Clear guidelines for employee use of email is essential in today’s digital age. Email policy isn't just about how employees use their company email address from their main workstation. It involves how they use company email on any device (including their phone), and also what expectations the company has about any use of personal email from company devices.
There are nearly one billion google search results for “email policy for employees” -- so we know that teams all around the world are working to understand this important topic. One big reason why we think so many businesspeople are search for guidance is that it's incredibly difficult to craft an email policy from scratch. Every business that doesn't yet have an email policy should strongly consider building and implementing a policy that starts from a battle-tested policy template. In this post, want to give you a clear way to determine whether the template you are starting from covers the most crucial points.

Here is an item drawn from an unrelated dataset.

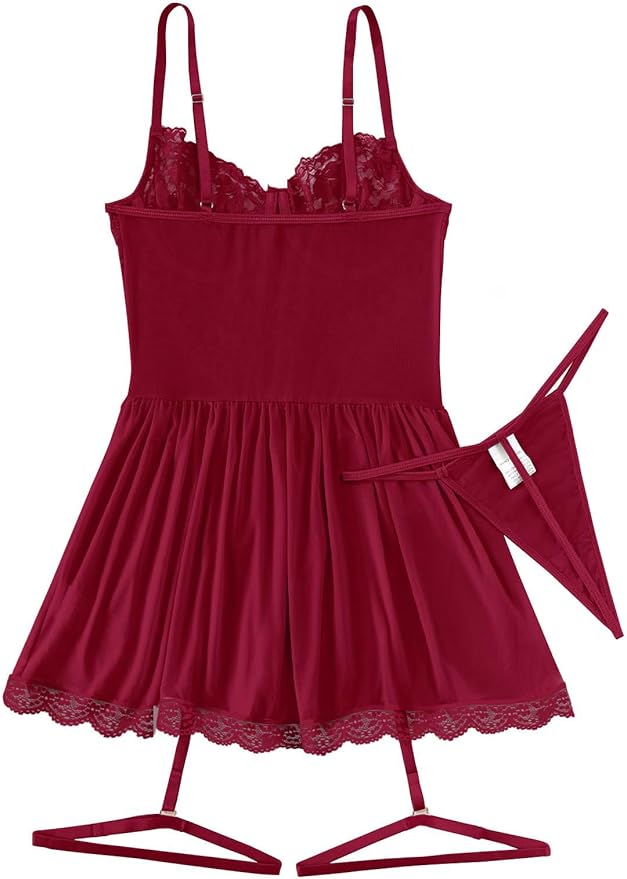 Lilosy Sexy Garter Belt Mesh Lace Babydoll Lingerie Dress Set with Thong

Havoc Shield customers already have policy templates available to them in-platform, but if you aren't yet a customer, here's what you should look for to gauge the quality of your email policy template.
Whether you’re working from a template or starting from scratch, there are key areas you should cover:
So much of our daily lives and interactions happen over the internet, and email is a key means of communication. It’s easy to get lost in the fast-paced nature of an email exchange without thinking about the consequences or how an interaction may make yourself, your company or your entire network vulnerable to a security breach.
Employees should receive and agree to the policy before they receive the login to their company email. Company leaders and stakeholders should revisit the email policy at least once per quarter to evaluate the policy for any outdated policy information or new vulnerabilities. TikTok is a great example; Employees may think signing up for TikTok with a company email is okay if they are using it for competitive research, yet your company/stakeholders may not want your company on the app at all, given the media and government attention around it.
Don’t let your email policy become something that’s distributed once and never again communicated. Hold employees responsible for understanding the ongoing commitment of your policy with frequent reminders, trainings as necessary, office hours/Q&As with IT, etc.
Start by considering the different perspectives of the company and make sure they are able to voice their recommendations. This may include the CEO, founders, human resources, IT and the board of directors. Depending on the type of business you have, it may also involve some particular functions who use email in different ways (i.e., marketing team who may be signing up for demos or apps, sales team who may be using email as key points of communication with potential customers or clients, etc.)
Review your policies through the lens of security vulnerability, but also taking into account productivity. Be clear enough that nothing is left up to interpretation, but don’t be so strict that it takes away from employees’ ability to do their job.